What you propose might be a better AR; or you might just be trading one set of problems for a different set. Tough to say; but I'd sure be interested in how it works out for you. So if you do decide to do it; I bet we would all appreciate regular reports on the project (and not just immediately afterwards but two and three years down the road as well)
Link Posted: 9/27/2002 6:49:59 AM EDT
Im not going to touch the upper or lower receivers themselves. They are retaining the hard anodized finish. The parkerized parts are the steel internals and the barrel. The barrel I will leave alone. Its already chrome lined and the phosphate finish is tough and easy to keep coated with oil and rust free. There is no park on aluminum its a physical imposibility. To chrome aluminum requires a coating of copper first then nickle then chrome... not going there. I intend to fire 200 rounds through the gun first to get it broken in then pull the guts and have them refinished. The moving parts are what I am concerned about here. Before I have the Colt upper barreled I will be spraying it with Perma Slik to give it the same internal lube as Bushmaster uppers have. Then after 200 rounds the rest of the parts get done. I still need to find out which coating will be the toughest... I dont want to have a soft outer coating on the mag realease, trigger and bolt release to the point that my finger rubs it off and shows bare hard chrome underneath. So far I have found that both Accurate Plating and Weaponry and Tripp Research both do coatings on top of hard chrome in firearms. Accurate plating appears to do this "standard" while its a special order job and more expensive through Tripp Research.

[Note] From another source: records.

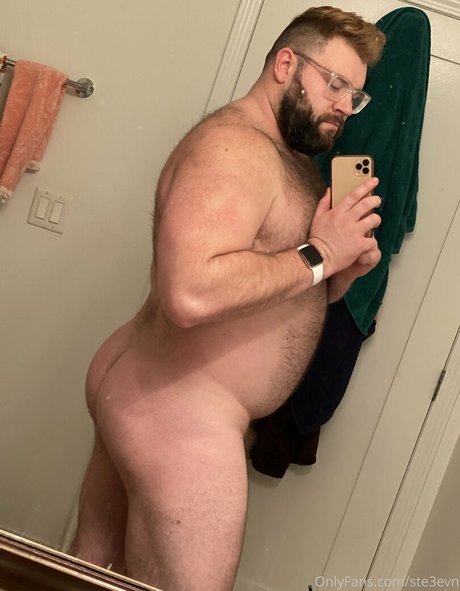 巨大アナルディルドオンリーファンズ 美しい 写真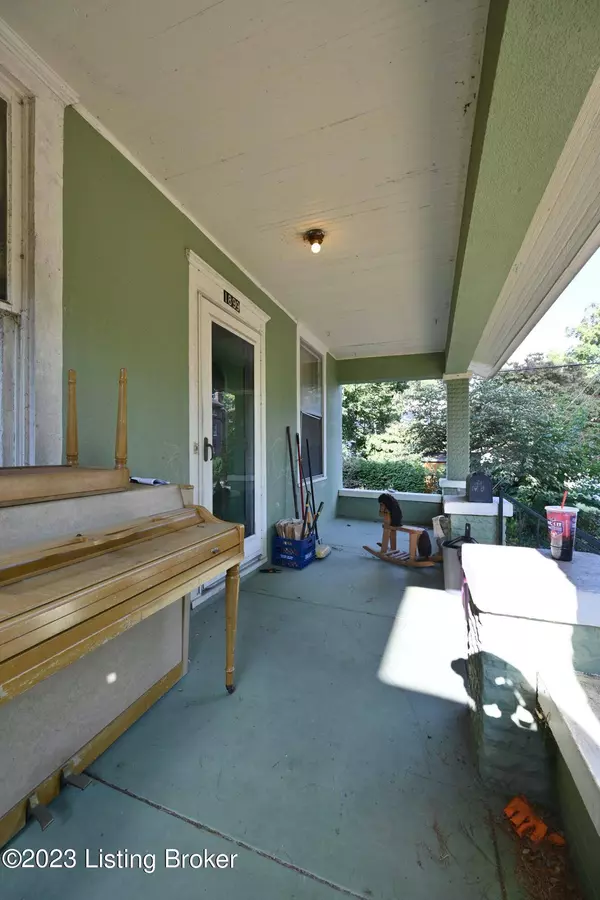 1899 Princeton Dr Dr, Louisville, KY 40205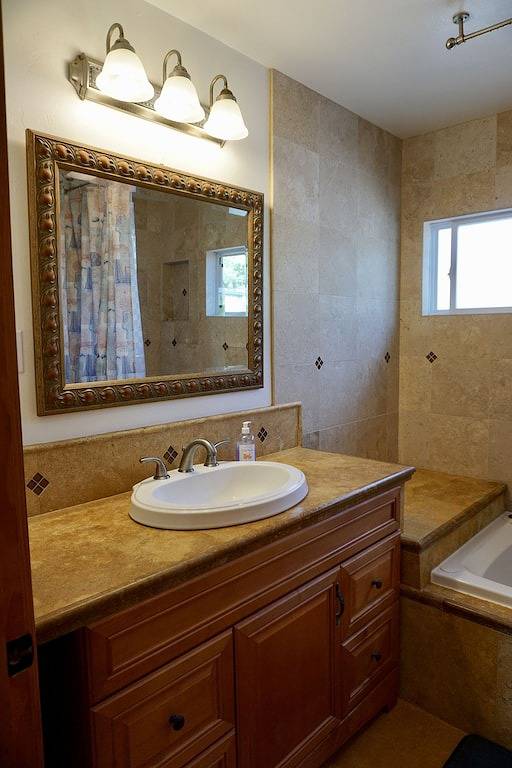 Haustier- und familienfreundliches Haus mit Meerblick, nur wenige Minuten von den Stränden und Legoland entfernt in Carlsbad, San Diego County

I am leaving all external parts alone. My FF RAS is aluminum and already is hard anodized. Same goes for everything else going on it. ACOG scope, Surefire M900 both are mil spec hard anodized. The outside of the gun is getting left alone. because these coatings are somewhat soft and I dont want them to be exposed to any rough handling the outside of the weapon might see. The point is to need less lube inside the gun thus allowing less fouling to accumulate and getting a rifle that holds up to rough conditions and infrequent cleanings better and is also easier to maintain.